Harvard university has 3500 acres of woodland that it uses for research and teaching. A project started in 2005 is attempting to measure the best way for the Eastern Hemlock tree to go extinct.
In 1951, the woolly adelgid, a pest that attacks the Eastern Hemlock and slowly suffocates it, was accidentally introduced to North America. Where it doesn't severely damage the trees in Asia, it kills the Eastern Hemlock that grows from Georgia up through Canada. There will most likely be no “cure” for this bug, and the weather is warming in Canada which allows the pest to travel farther up north.
Some land owners are harvesting their stock of hemlocks before they are infected so that the wood can be sold before it begins to rot.
The question the researchers are asking is if there is a “preferred” way for the population to go extinct. How is the rest of the forest affected if the trees are left to rot or are felled en masse. An article about the Nature Conservancy's plan to manage the pests is here.
“Hemlock forests are remarkable for their shadiness, low temperatures, and stillness.

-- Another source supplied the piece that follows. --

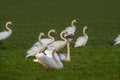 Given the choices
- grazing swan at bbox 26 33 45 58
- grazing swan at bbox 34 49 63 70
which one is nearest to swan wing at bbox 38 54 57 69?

In stark contrast to the brightness allowed by the leaves of a hardwood forest, the needles and branches of hemlock trees are arranged in horizontal, overlapping patterns, absorbing 99% of available light before it reaches the ground. By blocking the light from seedlings growing on the forest floor, the shade-tolerant hemlock ensures a forest in which it alone dominates: few other species of trees can tolerate such dim conditions.
The incredibly unique habitat that hemlocks provide for a number of species (including red-backed salamanders, soil arthropods, web-building spiders, hemlock trout, migrating birds, barred owls, porcupines, fisher weasels, snowshoe hares, and moose) underscore the important role hemlock forests play in adding to the diversity of ecosystems on a regional scale.”